Welfare Reform and Income Alternatives for Low-Income Workers

With minimum wage hikes under debate around the country, New York has become the first state to approve a $15 minimum wage for fast-food workers, the highest in country. As The Wall Street Journal reports, New York Governor Andrew Cuomo announced the move at a labor rally with Vice President Joe Biden while proposing to work for legislation that will make $15 a minimum wage across all industries. Analysts expect the New York state legislature to resist Cuomo’s proposal, with critics arguing that the move would ultimately backfire by forcing businesses to lay off workers and encourage companies to replace human employees with cheaper automated solutions.

Meanwhile The Wall Street Journal also recently published Jeb Bush’s proposal to alleviate the tax burden on 15 million lower-income workers by expanding the Earned Income Tax Credit (EITC). Bush’s proposed series of measures also would include eliminating the alternative minimum tax, which is a revival of the Taxpayer Choice Act introduced by Paul Ryan during the 2008 election cycle. Together with the Affordable Care Act, lowering taxes for low-income households would be a step toward what experts regard as two major pillars of welfare reform. However, critics from The Washington Post claim the details of Bush’s proposal would ultimately end up costing the federal government and taxpayers $3.4 trillion over the next decade.

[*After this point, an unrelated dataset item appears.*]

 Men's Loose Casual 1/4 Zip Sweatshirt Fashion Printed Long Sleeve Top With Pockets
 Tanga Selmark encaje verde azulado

As the debate over these proposed reforms moves forward in New York and around the country, many underemployed workers trying to survive under current wages and tax conditions are turning toward other solutions to economic challenges, such as the following:

Working From Home

Empty Wallet: Bills and DebtsIn 2014, nearly one quarter of employed U.S. laborers worked from home some or all of the time, according to Bureau of Labor Statistics data. The cloud, mobile technology and employer bring-your-own-device (BYOD) policies are making telecommuting and remote work more accessible for an increasing number of workers. For demographics such as single mothers and fathers, older workers, those with limited transportation and residents of rural areas, working from home represents a viable alternative to traditional employment. In addition to providing jobs that might not otherwise be accessible, working from home has the advantage of saving on transportation costs. Employers also benefit from the flexibility of being able to employ workers in remote locations and on alternative schedules.

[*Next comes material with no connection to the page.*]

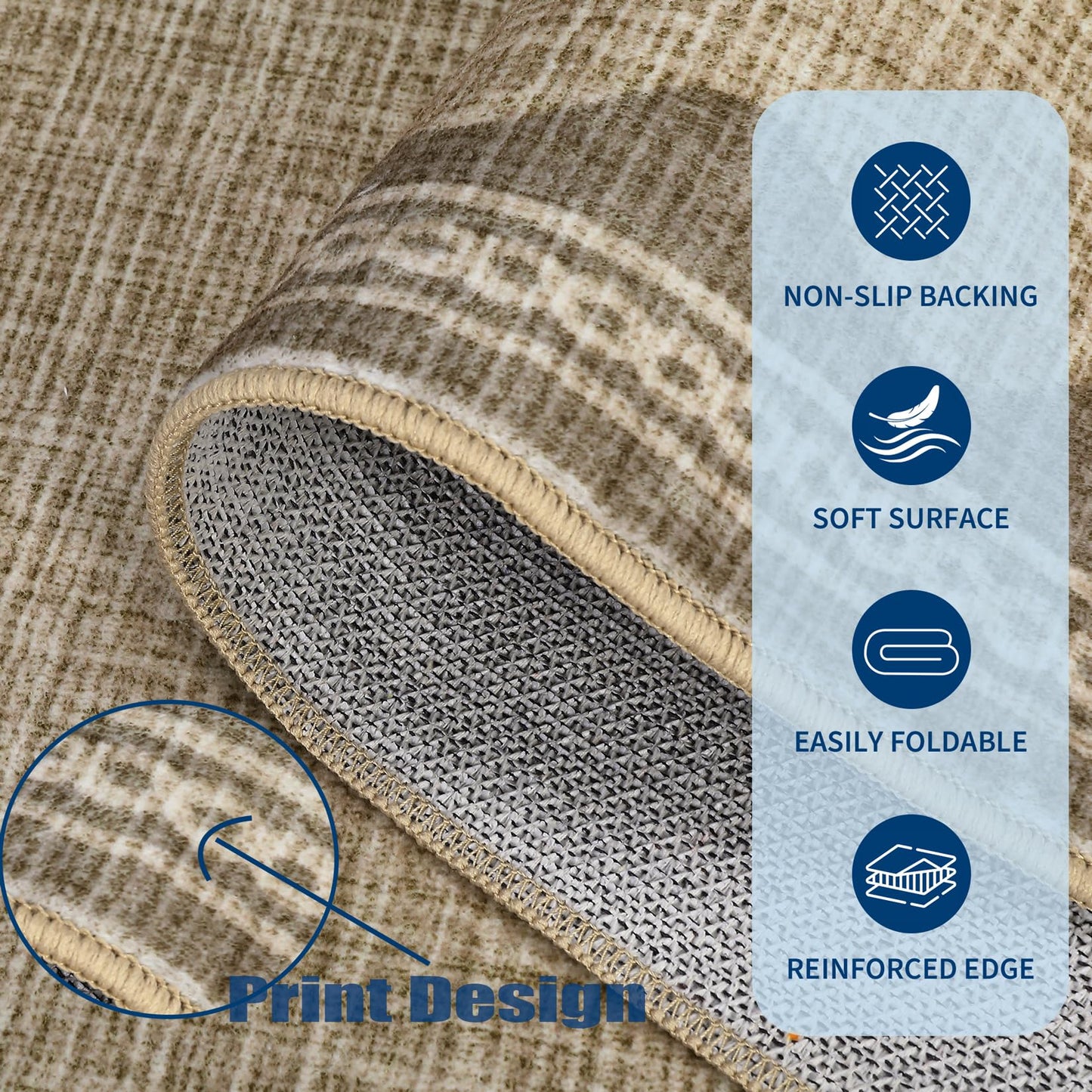 GarveeHome Door Mat Indoor Rugs for Entryway Scalloped Solid Tan Jute Digital Printing Small Rug 2x3 Washable Non-Slip Modern Soft Low-Pile Carpet for Bedroom Kitchen Entrance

Independent Contractor Entrepreneurship

The segment of the population working from home includes an increasing number of independent contractors. Many contractors have turned to working for themselves in response to unemployment, while others are seeking higher wages or a second income. Some contractor jobs are conventional, including fields such as carpentry, electrical repair, plumbing, freelance writing, graphic design and photography. Other contracting jobs are facilitated by developments in mobile technology. For instance, Uber has grown from a startup to a $50 billion company since 2009 by using mobile technology to enable car owners to operate as unlicensed chauffeurs.

Other companies have applied an Uber-style business model to other applications. For example, Handy assists people who want to book home cleaners and handymen, Wag! helps pet owners find dog walkers and TaskRabbit enables users to contract out various tasks around the home. Many of these apps depend on smartphone GPS capability, making a good mobile device and a reliable network such as T-Mobile indispensable for today’s entrepreneur.

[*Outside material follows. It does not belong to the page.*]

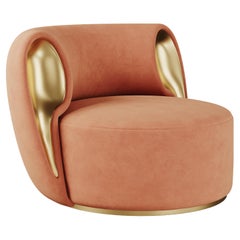 21st Century Eartha Armchair Cotton Velvet Polished Brass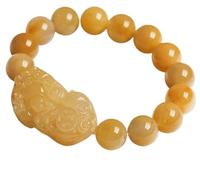 FengShui - Braccialetto ricchezza Pixiu/Pi Yao con monete antiche in giada di seta naturale dorata, 13MM, Acetato, Non pietra preziosa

Being an entrepreneur requires self-motivation, discipline and sometimes starting capital, so it isn’t for everyone. But for a person with the right personality and skill set, it can be a way to get out of the office rut while boosting your income.

Advancement Through Education

Education represents another option for workers seeking higher income. Experts project that jobs requiring at least an associate’s degree will grow twice as fast as jobs requiring no college experience in coming years, according to the White House. In light of this, the federal government is promoting community colleges with the Health Care and Education Reconciliation Act, which is allocating $2 billion over a four-year period to community college and career training. The initiative includes the expansion of online educational opportunities as well as partnerships between schools and employers to help prepare students for jobs. For workers seeking jobs in in-demand fields, such as healthcare, business administration and IT, going back to school may be the surest path toward earning a higher income.